The BBC1 controller doesn't wield power in quite the same way as they once did. All of which might explain why it might hold less attraction than a decade or so ago.

Of course, the BBC1 controller role still gets you a table at The Ivy and a high ranking on any media power list, so for those reasons alone, there will be plenty of television executives keen to grab it.

Why we'll be struck by the writers' strike

There was a time when the strike by the Writers Guild of America currently hitting US studios would have caused far less of a problem for UK broadcasters.
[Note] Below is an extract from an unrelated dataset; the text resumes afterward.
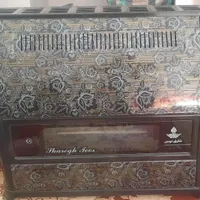 بخاری گازی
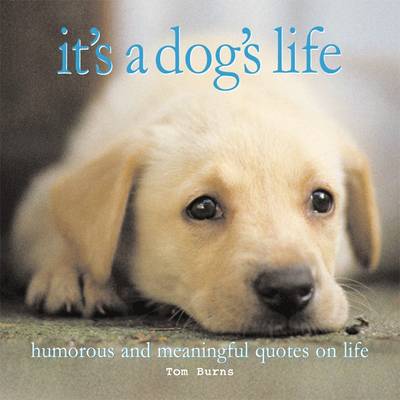 Book cover for A Dog's Life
Those were the days when American shows and soaps were shown on British channels six or nine months – or even more – after they had aired in the US. British viewers would wait for ever to catch up with the programmes being watched in the US.

Today, in this age of online downloading, that has changed for many high-profile shows. The latest series of Lost was shown here just four days after its US screening. Transmission dates have moved closer, and that's why the impact of the writers' strike could hit British channels harder than the last strike in 1988, which lasted 22 weeks.
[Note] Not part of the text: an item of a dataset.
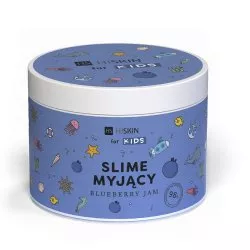 HiSkin Kids slime myjący dla dzieci Blueberry Jam 150ml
The impact is already being felt. More4's The Daily Show with Jon Stewart has been forced off the air, and shows such as 24 and the Kelsey Grammer comedy Back to You have had to halt production because the scripts for the series aren't finished. NBC's The Office has also halted production.

The writers in the US are after a better deal on money raised from their scripts through DVD sales and downloads. Popular UK shows such as C4's Ugly Betty, Sky One's Prison Break and Five's CSI and Grey's Anatomy could all be at risk from the strike.

Speaking in London recently, Craig Plestis, VP of alternative programming at NBC Entertainment, and John Saade, senior VP of ABC Entertainment, said that the networks had been stockpiling scripts, so they had a number that could go into production despite the strike. But the studios also have to weigh up the value of having partly recorded series – and writers are usually required to make revisions during the production.

The writers have the backing of many US TV stars and producers, who won't cross picket lines or work on shows until the strike ends. So it looks as if it will impact on fans of US shows on both sides of the pond – until a deal is struck.